Lodge Dedications and Anniversaries; Celebrating the Past and Looking to the Future

This year, like so many other years, Lodges across the state will celebrate their 100, 125 or 150 Year Anniversaries. As the trend seems to follow, only about half of these lodges will actually conduct any kind of an event that recognizes their milestone.  Many wonder why more lodges don’t. Is it the amount of work involved in putting on a ceremony?  Or is it simply apathy?


R:. W:. Don Newman Jr., Grand Senior Warden 2010, assists with the rededication of Benevolent Lodge in Abilene.

The significance of your Lodges milestone is enormous when looked at from the right perspective.  Over the past 100-150 years, so much has changed in our world. So much so that our brethren from the era when our Grand Lodge began would not recognize the world as it is now, but they would Masonry. What seems to stand out is that no matter what problems have risen in the world the Tenants of our Order, Friendship, Morality and Brotherly Love,as well as a strict adherence to our traditions and ritual still apply.  Depending on how old your lodge is, it has survived the recovery from the Civil War and the settlement of Kansas, World War 1, the Great Depression and Dust Bowl days, World War 2, the Korean War, the Great Civil Rights Movement , the Vietnam War, the Economic Crisis of the late 70’s and early 80’s and so much more.  Even local controversies and changes to our communities have not seen the failure of our sacred tenants.

Short research also shows that 125 years ago Kansas Masons shared the same vision we have today. At the Annual Communication in 1887 the Grand Master, Silas Sheldon, addressed the craft sharing his vision for Kansas Masonry to be as strong as it could be and to be the premier Fraternal Organization in Kansas. This is essentially the same Vision we have today as shown in Vision 2020. The difference is that during that time, our infancy, their concern was that they would grow so fast that our sacred ritual would become skewed, altered or changed all together. This fear was so great that most lodges who applied for their charter were denied because their work was not yet proficient.  In his address Sheldon  states “The unprecedented growth of the western portion of this State has created a corresponding demand for new lodges” and further on “……they make application for a dispensation to organize a Masonic Lodge, with fifteen or twenty master masons from as many different lodges and perhaps as many different States, each with his own peculiar notion and idea of the work and government of a lodge.” Proceedings of the Grand Lodge of Kanas 1886-1887 

Silas Sheldon M.D., Grand Master of Kansas 1886-1887

Our shared Vision faces different challenges today. Instead of rapid growth we face the danger of a rapid collapse both in terms of lodges closing and apathy about our ritual and the order as a whole. Taking the time to remember where we came from and how we got here should impress on each and every Brother Mason the magnitude of the impact their lodge has had on so many Brothers and on their own town. Each and every lodge has its own footprint on their community both now and in the past. Those footprints across the state are what make the Grand Lodge of Kansas what it is. There isn’t a better way to publicly say to your community “We are here, we have been here and we will be here for generations to come making good men better.”
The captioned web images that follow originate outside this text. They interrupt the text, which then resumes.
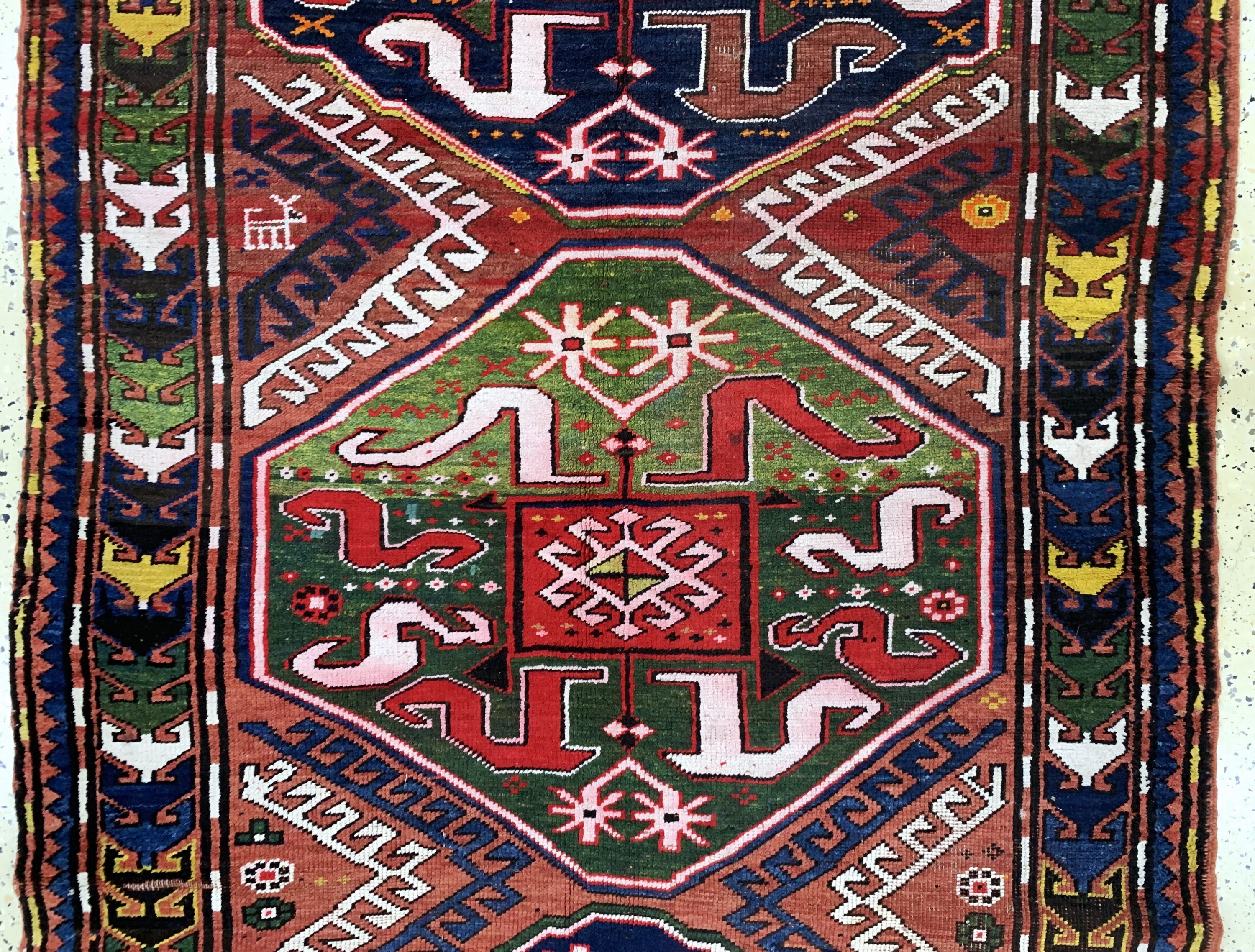 Detail b: "Wolkenband"Kazak, Kaukasus, Anfang 20.Jhd,Wolle auf Wolle, ca. 259 x 130 cm, verfärbt, EHZ: 2-3
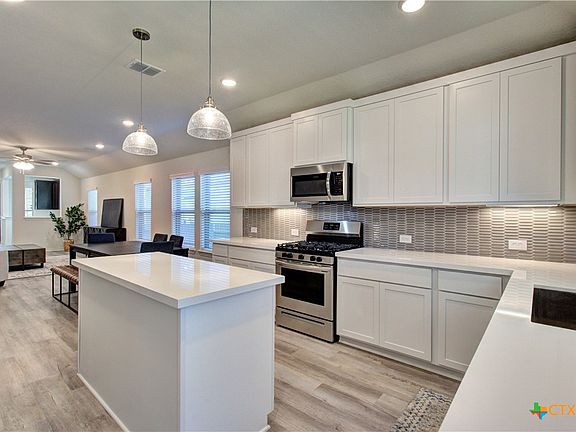 3rd image of 2033 Flametree Ave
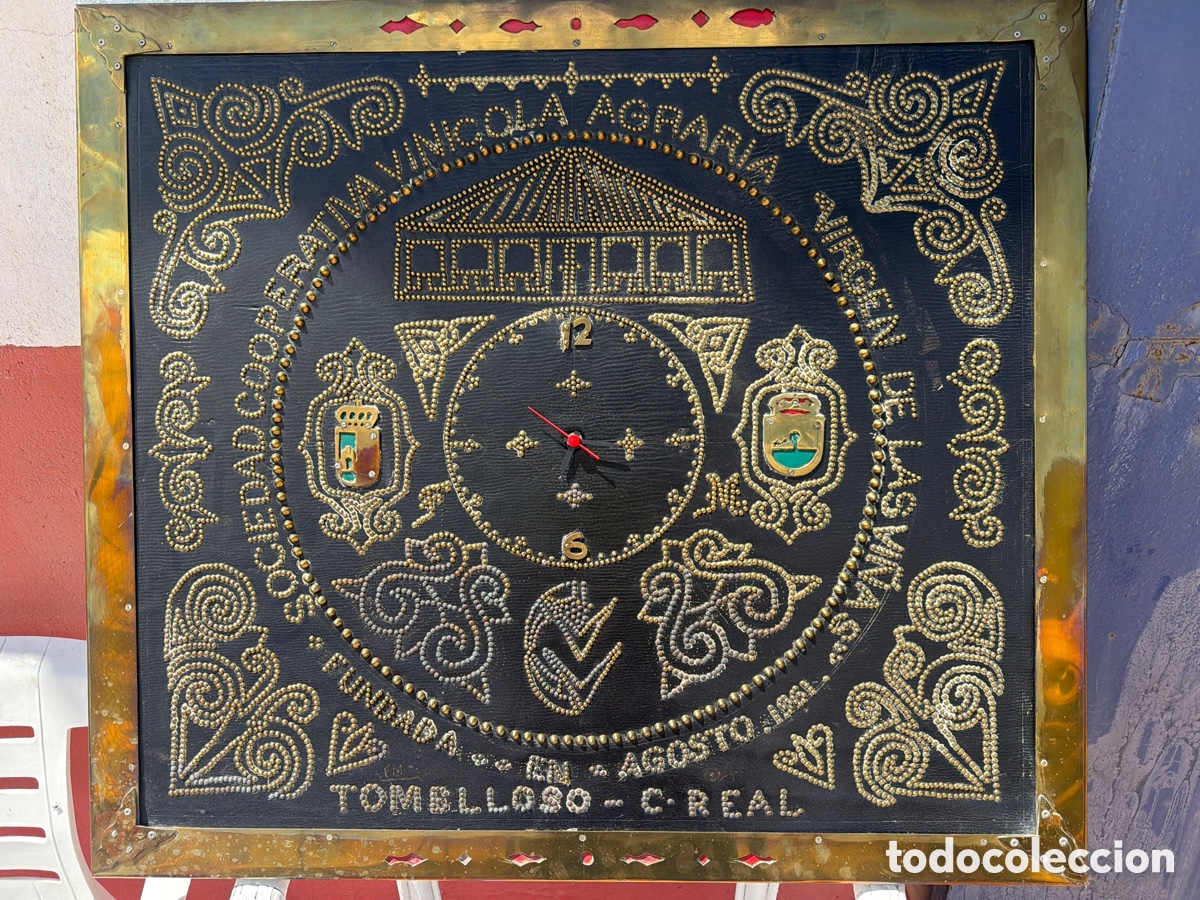 Antig&uuml;edades: Reloj realizado en puntillismo de bronce tomelloso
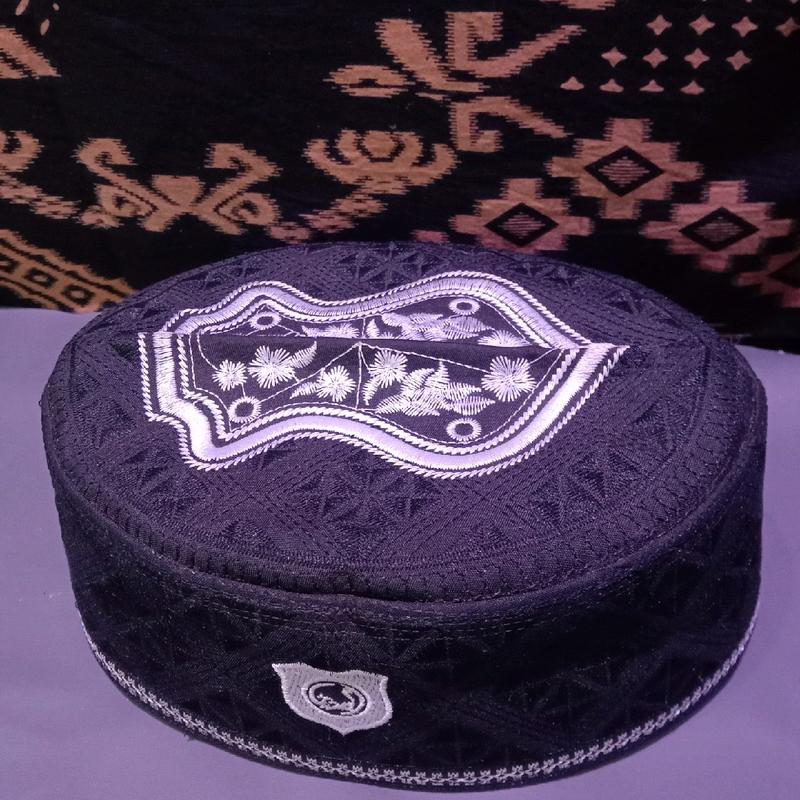 Peci Asaghofah, Songkok Kopiah Pria Muslim Asaghofah Logo Terompah Warna - Desain Unik Hitam, Lingkar Kepala 51-59 cm - Motif, Dewasa 3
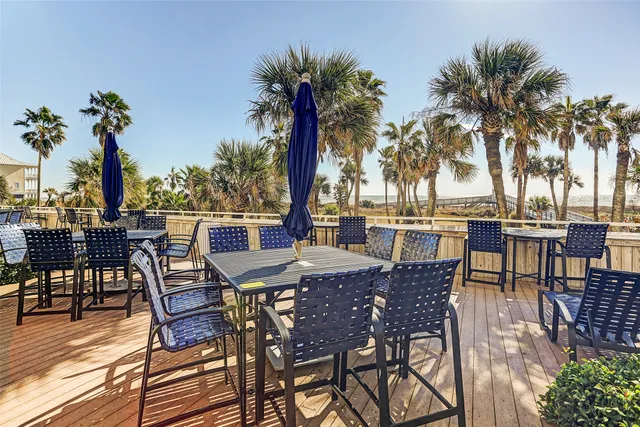 $374,800 | 1401 East Beach Drive, Unit 509, Galveston, TX 77550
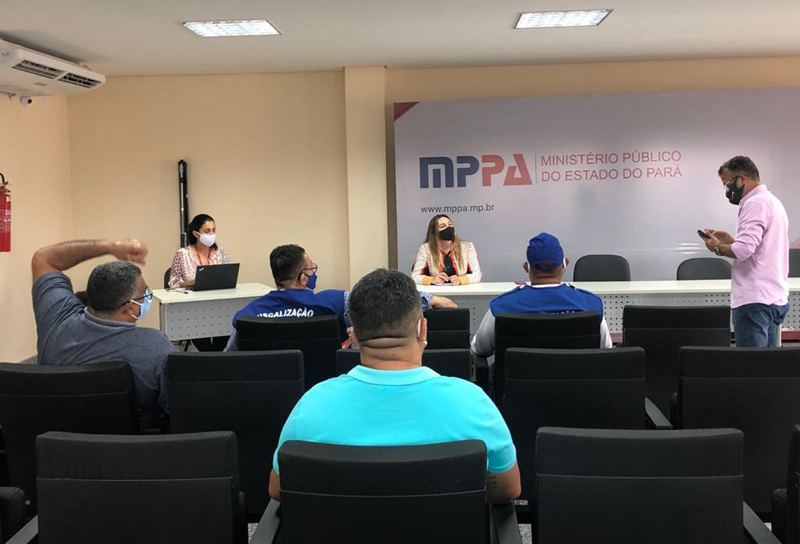 Promotora Sabrina Kalume tem reunido para traçar ações de combate ao transporte irregular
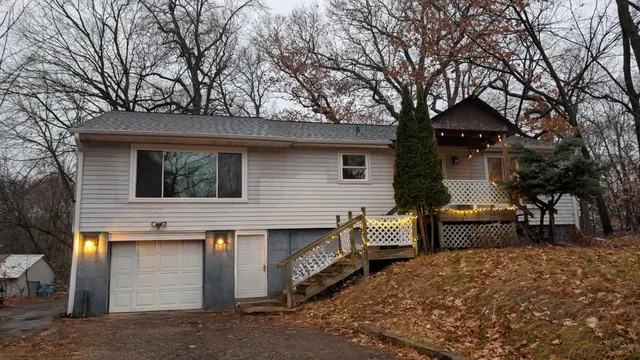 $324,900 | 3977 Clover Avenue, Vadnais Heights, MN 55127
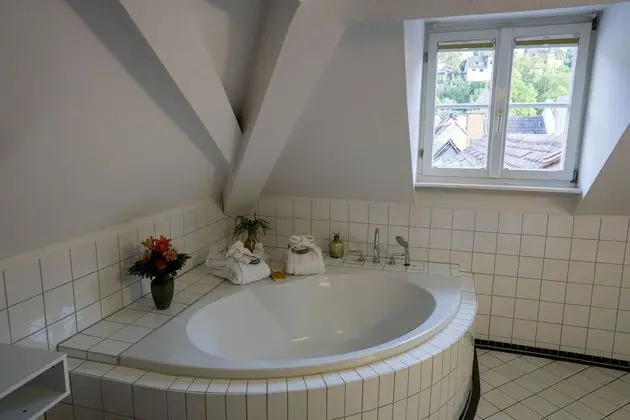 Business Büyük Yataklı Tek Kişilik Oda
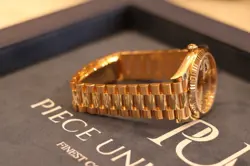 Rolex Day-Date 40 228238 18k Yellow Gold Champagne Roman Dial Complete Set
Re-Dedications are not difficult to conduct when coordinated in advance and as a lodge you are not left hanging out in the wind when trying to conduct such an event. Within a week after the Grand Lodge Annual Communication, the District and Area Deputies will have been trained and armed with the proper tools to perform their duties. Part of their duty is to support lodges celebrating an anniversary and assist them in the planning preparation and execution of that event. Reach out to your Deputies and put them to work. Grand Lodge Leadership also stands ready to help with anything that you need to get an event done.  Rededication Ceremonies and Anniversary Celebrations are an outstanding way to celebrate who we are, where we have been and more importantly, where we are going.


Click here for a list of Lodges with Anniversary Dates in 2012 and 2013

GL Online Store Stocked for the Holidays

By Tracy L. Bloom, Grand Master, Salina Lodge No. 60

With Christmas right around the corner you still have time to visit our online web store and pick out something for a Christmas gift.  Our staff at your Grand Lodge office will do our best to make sure it arrives in time to slip under the ole’ Christmas tree.  We have many great books on sale including The Better Angels Of Our Nature: Freemasonry in the American Civil War, written by your Grand Junior Warden, Michael A. Halleran, and I’m sure that he would love to personalize the book for you the next time you see him.  As you know, Bro. Halleran is an accomplished Masonic writer with many stories published in the Scottish Rite Journal.  His Bro. Brother articles were great reads and always a favorite of mine even before I met him.

If you took the opportunity to attend the Leadership Academy at the State Capitol building in October, you had the pleasure of listening to several great Masonic speakers, among them Bro. Cliff Porter from Colorado who gave a fantastic presentation. Bro. Cliff’s presentation was based on his book The Secret Psychology Of Freemasonry which is a featured item in our web store. While negotiating the best deal possible, Brother Cliff offered to personally sign each copy we purchased, so you can expect a signed copy when it arrives.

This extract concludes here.